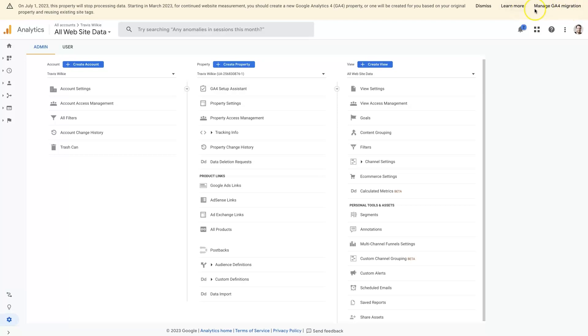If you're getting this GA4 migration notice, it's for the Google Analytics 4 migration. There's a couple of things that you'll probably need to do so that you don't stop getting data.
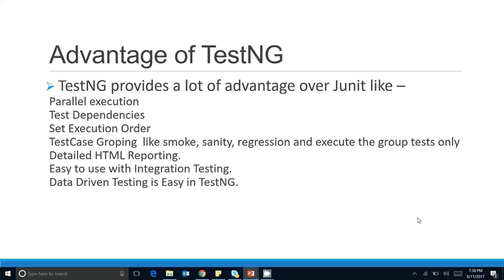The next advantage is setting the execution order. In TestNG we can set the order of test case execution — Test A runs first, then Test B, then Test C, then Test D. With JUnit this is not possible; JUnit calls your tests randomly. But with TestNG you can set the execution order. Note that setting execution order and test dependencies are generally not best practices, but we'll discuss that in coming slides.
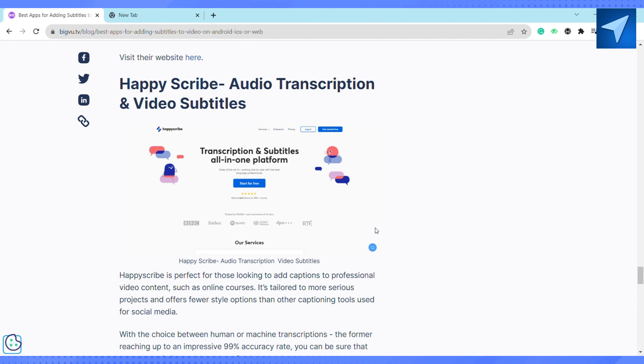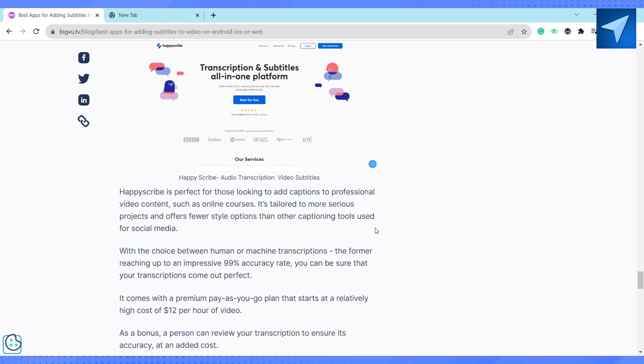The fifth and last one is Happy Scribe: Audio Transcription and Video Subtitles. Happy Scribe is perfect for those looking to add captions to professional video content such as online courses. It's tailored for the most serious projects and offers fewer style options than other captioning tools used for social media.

────────────────────────────────────────

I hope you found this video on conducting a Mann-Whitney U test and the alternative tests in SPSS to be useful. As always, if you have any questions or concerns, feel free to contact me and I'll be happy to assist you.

────────────────────────────────────────

Task instructions ▸
Give back exactly, and solely, the section of the data above bounded by the line containing "If you're getting" and the line containing "The fifth and", both bounding lines included and pictures omitted.

Reply to the task ▸
If you're getting this GA4 migration notice, it's for the Google Analytics 4 migration. There's a couple of things that you'll probably need to do so that you don't stop getting data.
The next advantage is setting the execution order. In TestNG we can set the order of test case execution — Test A runs first, then Test B, then Test C, then Test D. With JUnit this is not possible; JUnit calls your tests randomly. But with TestNG you can set the execution order. Note that setting execution order and test dependencies are generally not best practices, but we'll discuss that in coming slides.
The fifth and last one is Happy Scribe: Audio Transcription and Video Subtitles. Happy Scribe is perfect for those looking to add captions to professional video content such as online courses. It's tailored for the most serious projects and offers fewer style options than other captioning tools used for social media.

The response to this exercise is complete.